What the exercise asks
Copy out the listing in full, exactly as written, but not its pictures.

- - -

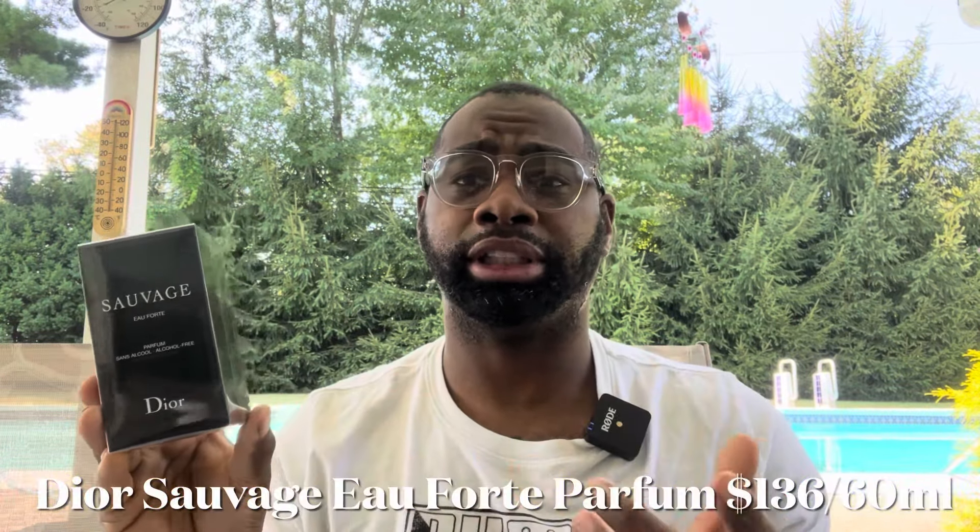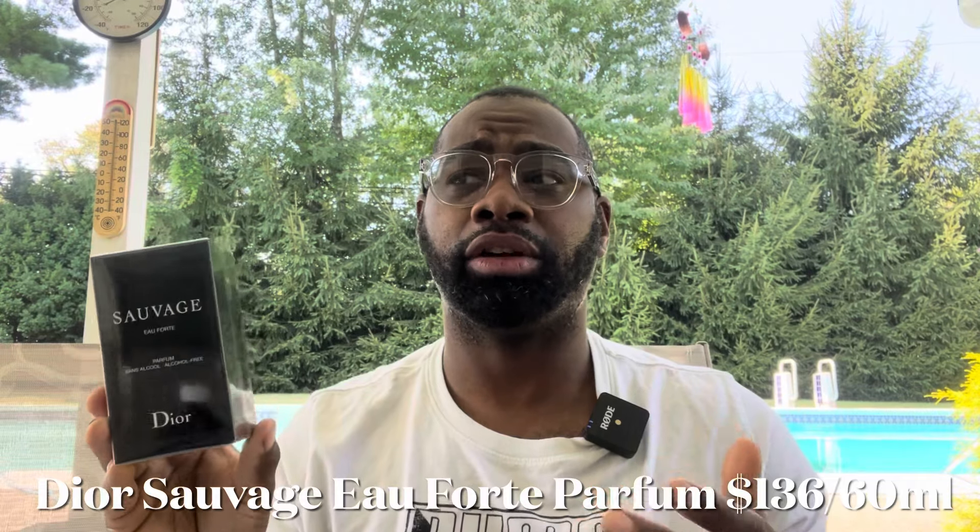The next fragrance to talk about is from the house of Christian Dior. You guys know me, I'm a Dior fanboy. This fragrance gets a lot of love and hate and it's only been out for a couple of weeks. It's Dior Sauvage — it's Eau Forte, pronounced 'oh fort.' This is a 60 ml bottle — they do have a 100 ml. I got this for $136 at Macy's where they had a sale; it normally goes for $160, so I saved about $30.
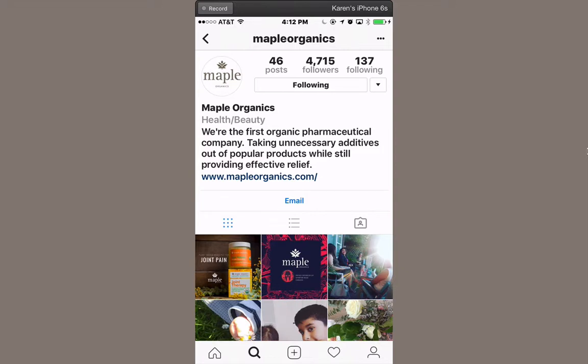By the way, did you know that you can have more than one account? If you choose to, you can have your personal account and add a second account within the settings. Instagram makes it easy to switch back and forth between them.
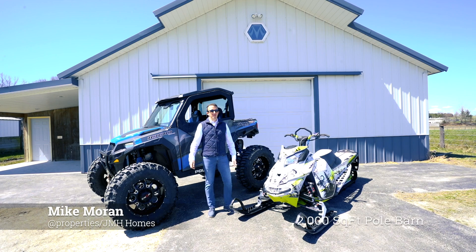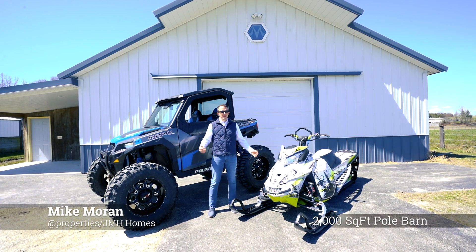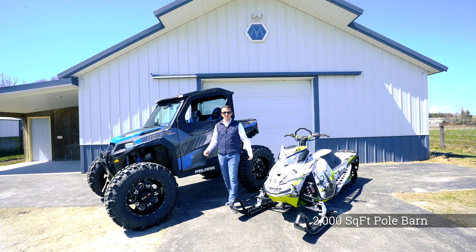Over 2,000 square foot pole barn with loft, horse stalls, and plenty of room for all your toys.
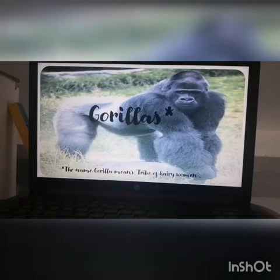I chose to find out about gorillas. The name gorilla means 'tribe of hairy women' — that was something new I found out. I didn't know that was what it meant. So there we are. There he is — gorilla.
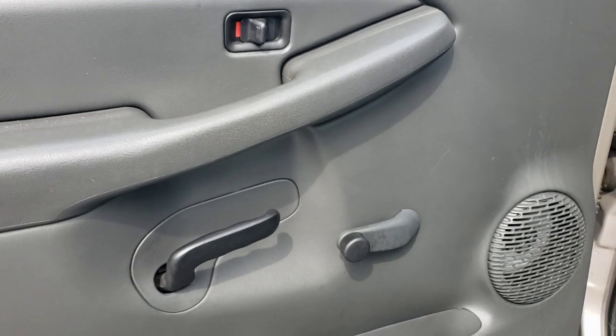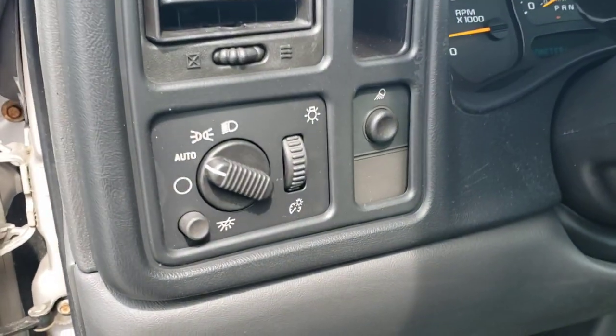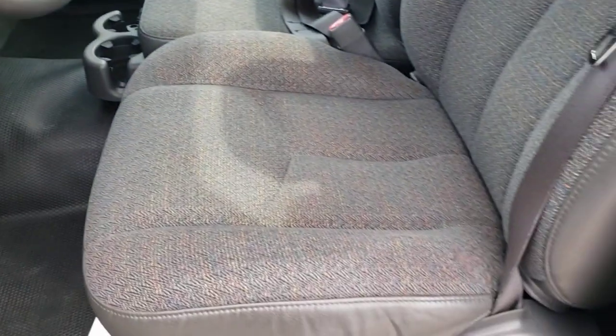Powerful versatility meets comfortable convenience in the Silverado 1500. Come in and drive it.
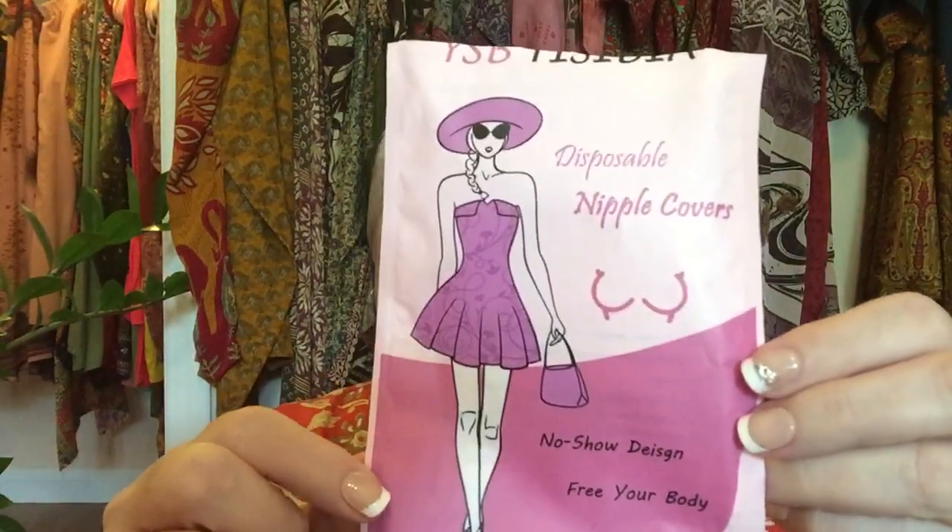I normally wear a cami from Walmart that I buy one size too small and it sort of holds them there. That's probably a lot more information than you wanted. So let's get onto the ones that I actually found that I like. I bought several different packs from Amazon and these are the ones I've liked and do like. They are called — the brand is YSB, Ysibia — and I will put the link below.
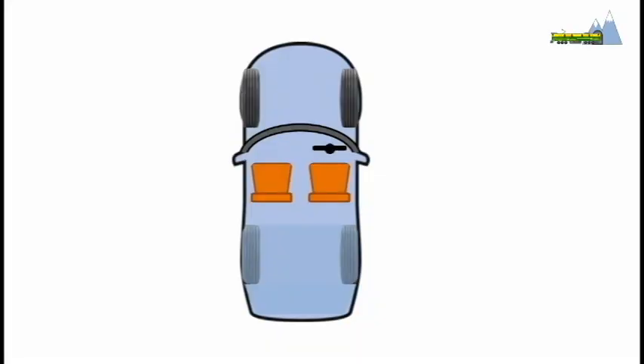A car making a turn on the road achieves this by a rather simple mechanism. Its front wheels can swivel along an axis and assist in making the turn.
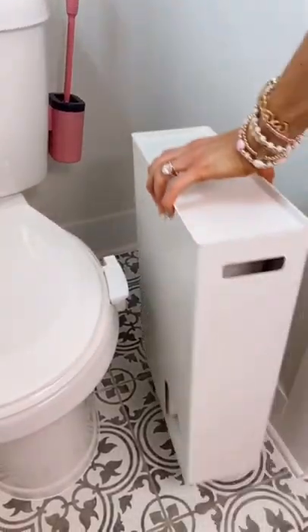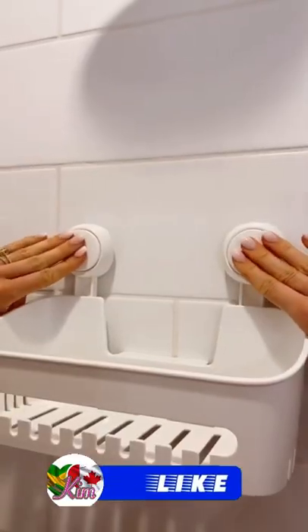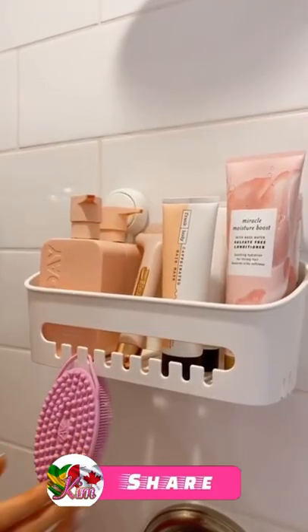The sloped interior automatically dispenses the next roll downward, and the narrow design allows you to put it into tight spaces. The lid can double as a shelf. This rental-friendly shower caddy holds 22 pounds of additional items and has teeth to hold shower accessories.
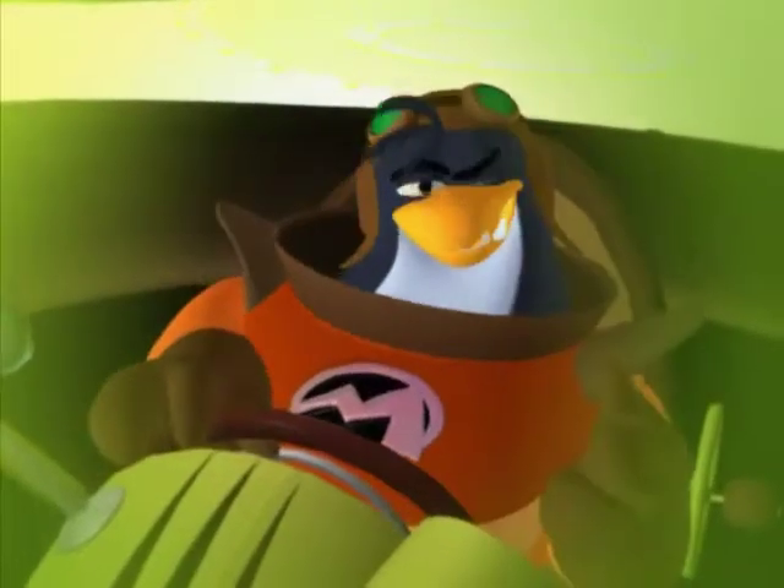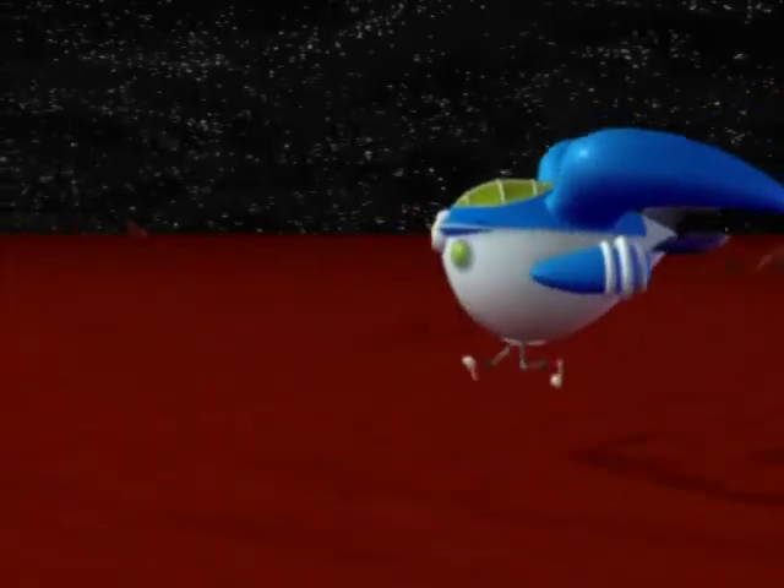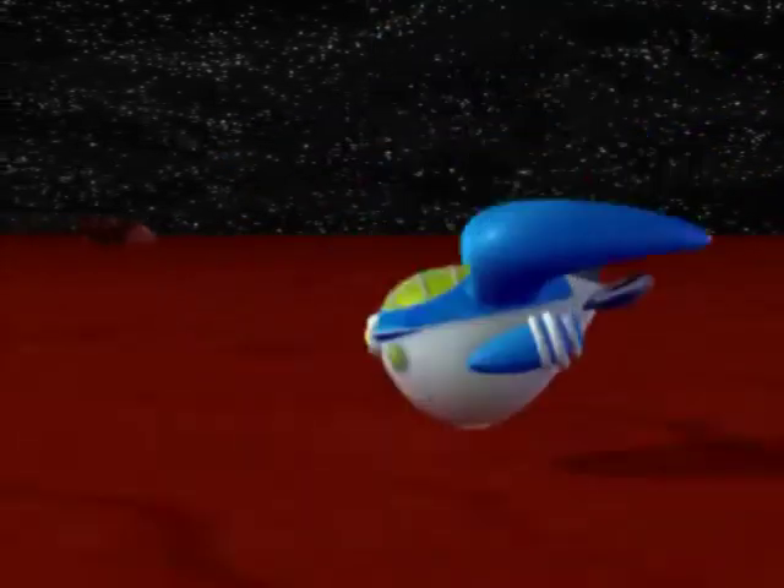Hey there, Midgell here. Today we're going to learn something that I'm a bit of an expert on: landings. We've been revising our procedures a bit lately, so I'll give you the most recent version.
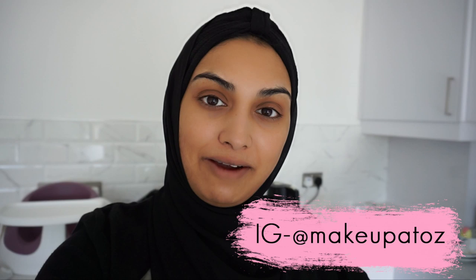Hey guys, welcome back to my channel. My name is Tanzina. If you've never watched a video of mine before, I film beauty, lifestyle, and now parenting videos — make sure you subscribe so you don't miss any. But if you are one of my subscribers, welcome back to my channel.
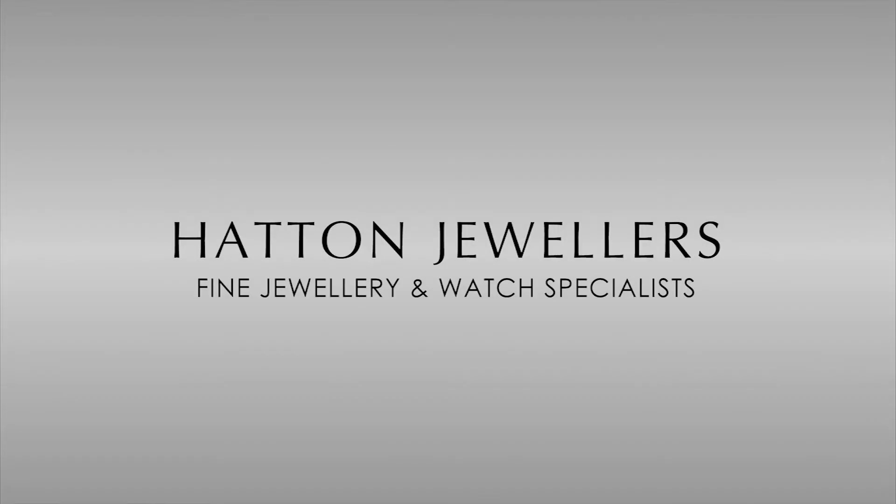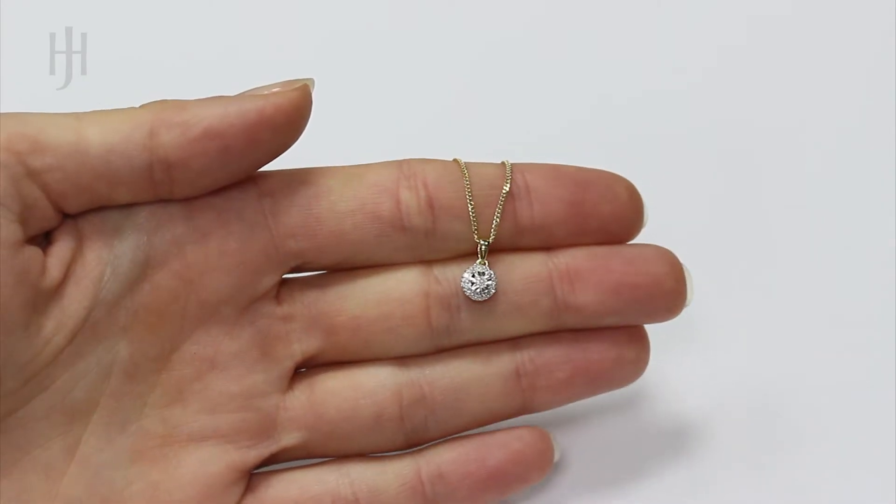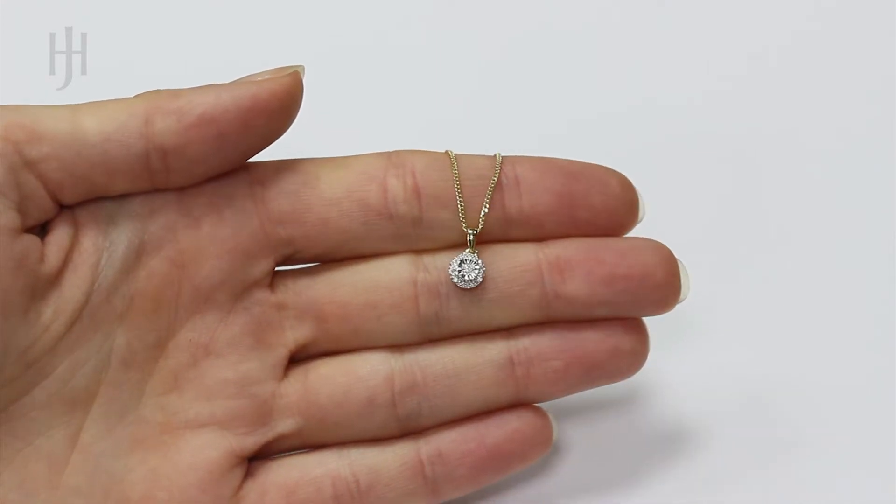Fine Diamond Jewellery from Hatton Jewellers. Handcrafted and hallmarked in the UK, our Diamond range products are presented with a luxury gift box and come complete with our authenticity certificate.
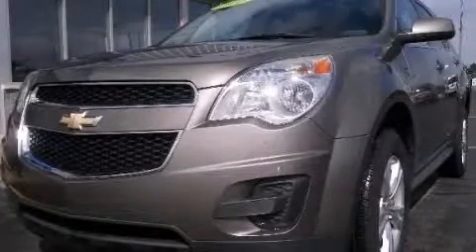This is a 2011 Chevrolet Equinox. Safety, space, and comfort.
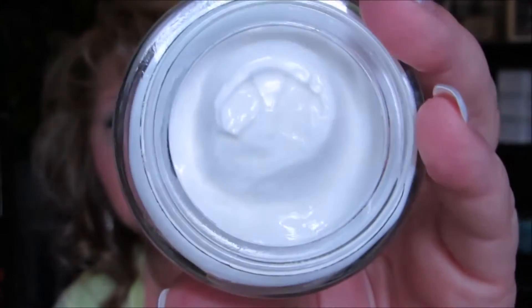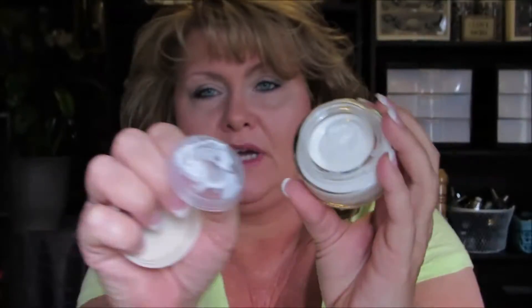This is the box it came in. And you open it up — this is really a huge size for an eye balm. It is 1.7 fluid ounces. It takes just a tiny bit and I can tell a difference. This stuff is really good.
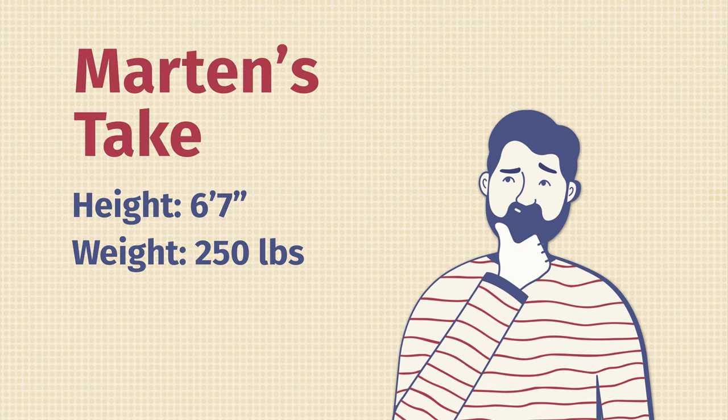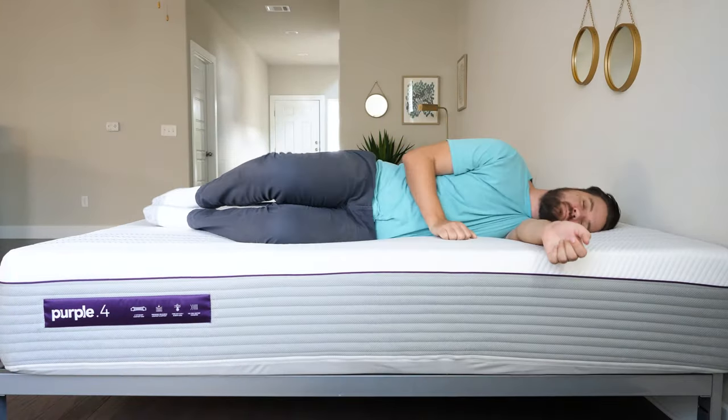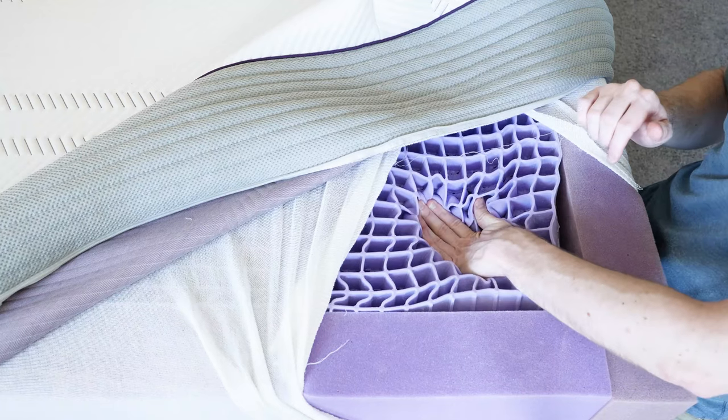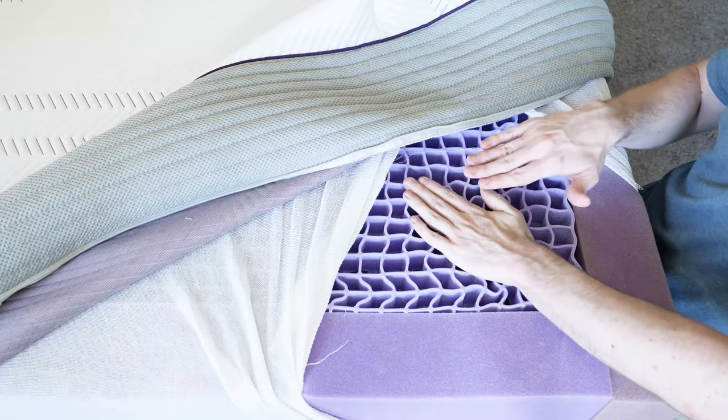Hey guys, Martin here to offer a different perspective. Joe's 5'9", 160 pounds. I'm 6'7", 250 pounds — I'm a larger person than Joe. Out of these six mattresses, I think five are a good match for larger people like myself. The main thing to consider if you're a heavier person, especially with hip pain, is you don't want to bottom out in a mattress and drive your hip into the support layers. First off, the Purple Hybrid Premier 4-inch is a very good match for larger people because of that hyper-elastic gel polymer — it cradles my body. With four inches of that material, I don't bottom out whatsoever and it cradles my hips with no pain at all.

- - -

Answer for this exercise
The next fragrance to talk about is from the house of Christian Dior. You guys know me, I'm a Dior fanboy. This fragrance gets a lot of love and hate and it's only been out for a couple of weeks. It's Dior Sauvage — it's Eau Forte, pronounced 'oh fort.' This is a 60 ml bottle — they do have a 100 ml. I got this for $136 at Macy's where they had a sale; it normally goes for $160, so I saved about $30.
By the way, did you know that you can have more than one account? If you choose to, you can have your personal account and add a second account within the settings. Instagram makes it easy to switch back and forth between them.
Over 2,000 square foot pole barn with loft, horse stalls, and plenty of room for all your toys.
I chose to find out about gorillas. The name gorilla means 'tribe of hairy women' — that was something new I found out. I didn't know that was what it meant. So there we are. There he is — gorilla.
Powerful versatility meets comfortable convenience in the Silverado 1500. Come in and drive it.
I normally wear a cami from Walmart that I buy one size too small and it sort of holds them there. That's probably a lot more information than you wanted. So let's get onto the ones that I actually found that I like. I bought several different packs from Amazon and these are the ones I've liked and do like. They are called — the brand is YSB, Ysibia — and I will put the link below.
A car making a turn on the road achieves this by a rather simple mechanism. Its front wheels can swivel along an axis and assist in making the turn.
The sloped interior automatically dispenses the next roll downward, and the narrow design allows you to put it into tight spaces. The lid can double as a shelf. This rental-friendly shower caddy holds 22 pounds of additional items and has teeth to hold shower accessories.
Hey there, Midgell here. Today we're going to learn something that I'm a bit of an expert on: landings. We've been revising our procedures a bit lately, so I'll give you the most recent version.
Hey guys, welcome back to my channel. My name is Tanzina. If you've never watched a video of mine before, I film beauty, lifestyle, and now parenting videos — make sure you subscribe so you don't miss any. But if you are one of my subscribers, welcome back to my channel.
Fine Diamond Jewellery from Hatton Jewellers. Handcrafted and hallmarked in the UK, our Diamond range products are presented with a luxury gift box and come complete with our authenticity certificate.
This is a 2011 Chevrolet Equinox. Safety, space, and comfort.
This is the box it came in. And you open it up — this is really a huge size for an eye balm. It is 1.7 fluid ounces. It takes just a tiny bit and I can tell a difference. This stuff is really good.
Hey guys, Martin here to offer a different perspective. Joe's 5'9", 160 pounds. I'm 6'7", 250 pounds — I'm a larger person than Joe. Out of these six mattresses, I think five are a good match for larger people like myself. The main thing to consider if you're a heavier person, especially with hip pain, is you don't want to bottom out in a mattress and drive your hip into the support layers. First off, the Purple Hybrid Premier 4-inch is a very good match for larger people because of that hyper-elastic gel polymer — it cradles my body. With four inches of that material, I don't bottom out whatsoever and it cradles my hips with no pain at all.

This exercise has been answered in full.